» **TASK ITEM**
Repeat word for word the line with "rosalie sweater princess polly" and every line after it until the records below run out.

» **DATASET RECORDS**
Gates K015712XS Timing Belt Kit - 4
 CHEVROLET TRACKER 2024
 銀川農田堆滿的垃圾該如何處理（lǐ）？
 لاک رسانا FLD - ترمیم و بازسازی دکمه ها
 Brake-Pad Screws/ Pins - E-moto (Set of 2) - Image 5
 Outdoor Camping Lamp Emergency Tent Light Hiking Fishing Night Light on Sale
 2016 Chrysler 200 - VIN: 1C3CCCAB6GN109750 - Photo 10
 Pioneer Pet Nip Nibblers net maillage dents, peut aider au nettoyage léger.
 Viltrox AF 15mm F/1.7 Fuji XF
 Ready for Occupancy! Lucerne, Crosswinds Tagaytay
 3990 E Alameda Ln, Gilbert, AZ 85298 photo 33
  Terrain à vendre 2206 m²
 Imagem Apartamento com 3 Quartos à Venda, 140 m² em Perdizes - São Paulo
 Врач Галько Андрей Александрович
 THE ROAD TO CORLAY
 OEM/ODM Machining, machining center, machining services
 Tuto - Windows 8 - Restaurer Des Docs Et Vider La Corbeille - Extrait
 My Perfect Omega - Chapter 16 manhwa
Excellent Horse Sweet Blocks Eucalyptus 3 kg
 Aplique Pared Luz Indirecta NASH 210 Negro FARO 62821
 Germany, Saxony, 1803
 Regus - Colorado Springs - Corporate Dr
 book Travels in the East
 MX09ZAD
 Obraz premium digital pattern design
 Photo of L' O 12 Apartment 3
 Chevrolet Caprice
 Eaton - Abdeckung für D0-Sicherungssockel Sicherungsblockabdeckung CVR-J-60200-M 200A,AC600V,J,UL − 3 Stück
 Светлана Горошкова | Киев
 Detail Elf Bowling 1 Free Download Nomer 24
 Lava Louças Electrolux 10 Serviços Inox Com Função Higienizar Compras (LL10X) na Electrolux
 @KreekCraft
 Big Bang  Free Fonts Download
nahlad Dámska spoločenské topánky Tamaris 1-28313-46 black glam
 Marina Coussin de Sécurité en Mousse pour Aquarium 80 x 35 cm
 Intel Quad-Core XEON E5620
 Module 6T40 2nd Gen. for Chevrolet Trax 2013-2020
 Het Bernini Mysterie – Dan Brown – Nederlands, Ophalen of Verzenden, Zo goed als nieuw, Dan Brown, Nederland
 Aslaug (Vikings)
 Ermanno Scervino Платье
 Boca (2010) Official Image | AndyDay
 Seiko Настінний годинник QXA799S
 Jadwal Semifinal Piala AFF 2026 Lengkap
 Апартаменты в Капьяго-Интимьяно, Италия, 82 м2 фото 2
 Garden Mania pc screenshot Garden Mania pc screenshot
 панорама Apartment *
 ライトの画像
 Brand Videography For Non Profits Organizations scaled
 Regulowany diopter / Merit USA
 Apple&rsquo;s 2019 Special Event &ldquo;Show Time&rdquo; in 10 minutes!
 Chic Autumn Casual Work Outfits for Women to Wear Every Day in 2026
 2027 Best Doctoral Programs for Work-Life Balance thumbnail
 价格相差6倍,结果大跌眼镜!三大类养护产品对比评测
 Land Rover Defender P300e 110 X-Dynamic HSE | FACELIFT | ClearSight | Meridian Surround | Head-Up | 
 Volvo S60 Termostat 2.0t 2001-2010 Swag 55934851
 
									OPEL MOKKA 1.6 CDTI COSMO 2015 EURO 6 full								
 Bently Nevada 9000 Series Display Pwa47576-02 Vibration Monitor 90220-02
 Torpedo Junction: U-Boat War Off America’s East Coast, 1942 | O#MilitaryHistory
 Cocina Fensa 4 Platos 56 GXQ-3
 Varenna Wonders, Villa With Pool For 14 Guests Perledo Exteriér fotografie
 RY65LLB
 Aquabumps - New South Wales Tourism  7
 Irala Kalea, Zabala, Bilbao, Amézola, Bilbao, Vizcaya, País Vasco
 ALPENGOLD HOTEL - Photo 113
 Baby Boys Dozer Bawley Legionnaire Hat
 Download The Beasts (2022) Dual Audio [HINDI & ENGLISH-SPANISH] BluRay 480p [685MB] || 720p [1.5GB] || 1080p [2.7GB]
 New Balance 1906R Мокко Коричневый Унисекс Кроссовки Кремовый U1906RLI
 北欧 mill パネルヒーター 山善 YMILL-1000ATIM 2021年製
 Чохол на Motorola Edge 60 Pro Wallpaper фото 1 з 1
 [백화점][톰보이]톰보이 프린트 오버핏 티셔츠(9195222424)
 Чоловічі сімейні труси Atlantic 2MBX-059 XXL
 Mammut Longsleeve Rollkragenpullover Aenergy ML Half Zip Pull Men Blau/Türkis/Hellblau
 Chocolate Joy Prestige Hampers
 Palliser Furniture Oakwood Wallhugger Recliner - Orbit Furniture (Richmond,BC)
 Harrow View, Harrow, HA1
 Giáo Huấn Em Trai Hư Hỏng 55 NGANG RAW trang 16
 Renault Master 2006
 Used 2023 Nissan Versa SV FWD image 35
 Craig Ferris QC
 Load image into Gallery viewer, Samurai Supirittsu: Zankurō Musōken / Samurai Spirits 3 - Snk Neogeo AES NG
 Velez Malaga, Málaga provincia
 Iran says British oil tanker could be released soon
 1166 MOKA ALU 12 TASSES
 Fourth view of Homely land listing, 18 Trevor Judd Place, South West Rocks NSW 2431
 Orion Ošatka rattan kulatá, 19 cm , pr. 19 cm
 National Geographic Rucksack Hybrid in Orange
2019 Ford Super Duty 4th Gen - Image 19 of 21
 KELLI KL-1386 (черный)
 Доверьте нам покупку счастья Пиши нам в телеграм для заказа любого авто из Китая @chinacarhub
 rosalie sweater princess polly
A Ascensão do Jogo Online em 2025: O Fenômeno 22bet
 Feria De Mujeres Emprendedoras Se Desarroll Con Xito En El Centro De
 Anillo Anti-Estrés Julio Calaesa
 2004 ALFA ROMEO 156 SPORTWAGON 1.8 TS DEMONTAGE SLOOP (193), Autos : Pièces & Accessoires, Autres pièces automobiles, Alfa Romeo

» **RESPONSE BELOW**
 rosalie sweater princess polly
A Ascensão do Jogo Online em 2025: O Fenômeno 22bet
 Feria De Mujeres Emprendedoras Se Desarroll Con Xito En El Centro De
 Anillo Anti-Estrés Julio Calaesa
 2004 ALFA ROMEO 156 SPORTWAGON 1.8 TS DEMONTAGE SLOOP (193), Autos : Pièces & Accessoires, Autres pièces automobiles, Alfa Romeo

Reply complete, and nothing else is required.